DEFINITION of Socionomics

Socionomics, also known as social economics, believes that social mood drives the economy and markets, as people continually and impulsively revalue stocks based on cues from those around them. It is an unconventional philosophy that believes leaders and their policies are virtually irrelevant to this dynamic, and that their actions in the aggregate express social mood rather than regulate it.


Socionomics, which was pioneered by stock analyst Robert R. Prechter — who popularized the Elliot Wave Principle in the 1970s — turns mainstream economics on its head. Conventional economists think that events affect social mood and move the financial markets, as people continually revalue stocks rationally. Thus, rising markets make investors optimistic. Socionomics, on the other hand, would have us believe that the mood of investors alone determines the economic cycle and causes recessions. Thus, optimistic investors cause markets to rise.

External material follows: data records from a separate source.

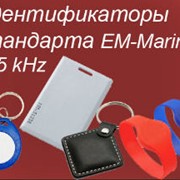 Идентификаторы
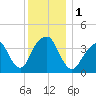 Williamsburg Bridge tide chart for Friday, December 1, 2023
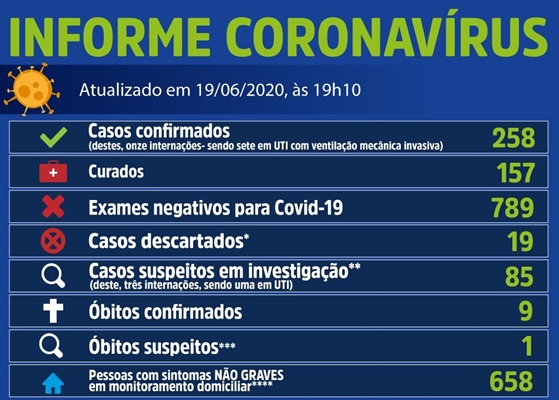 Mais 14 casos e Votuporanga tem 258 com coronavírus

Stock market booms and busts, according to socionomics, occur regardless of any actions by presidents, prime ministers, politicians, central bankers and policymakers. If you want to understand the fluctuations in the stock market and in politics, look to waves of social mood — which politicians and policymakers are themselves subject to. Because politicians are forever behind the curve, election outcomes offer no reliable basis for anticipating stock market trends – though the stock market does anticipate election outcomes.

In the world of socionomics, the subprime crisis was not caused by a flood of cheap money and reckless lending practices, but by a sudden change in mood in America. While conservatives credit Ronald Reagan’s policies for the bull market of the 1980s, and liberals credit Franklin Roosevelt’s policies for the market’s recovery in the 1930s, socionomics thinks markets recovered naturally – even though leaders got the credit.

Link Between Economics and Socionomics

But there is common ground between economics and socionomics. Financial markets are often driven by waves of optimism and pessimism. However outlandish some socionomic thinking is to economists, modern behavioral economics and behavioral finance agree that investors do not make perfectly rational financial decisions – and that there is a big hole in the efficient market hypothesis.

People are often influenced by emotion and cognitive biases, such as the herd instinct, which is why investors pay attention to indicators such as the Fear & Greed Index when it comes to market timing. Dramatic rallies and sudden sell-offs, and the observed tendency of equity market volatility to be higher in declining markets than in rising markets, known as the asymmetric volatility phenomenon, show that there is a tendency for people to follow popular trends without thinking for themselves. And this is an expression of social mood.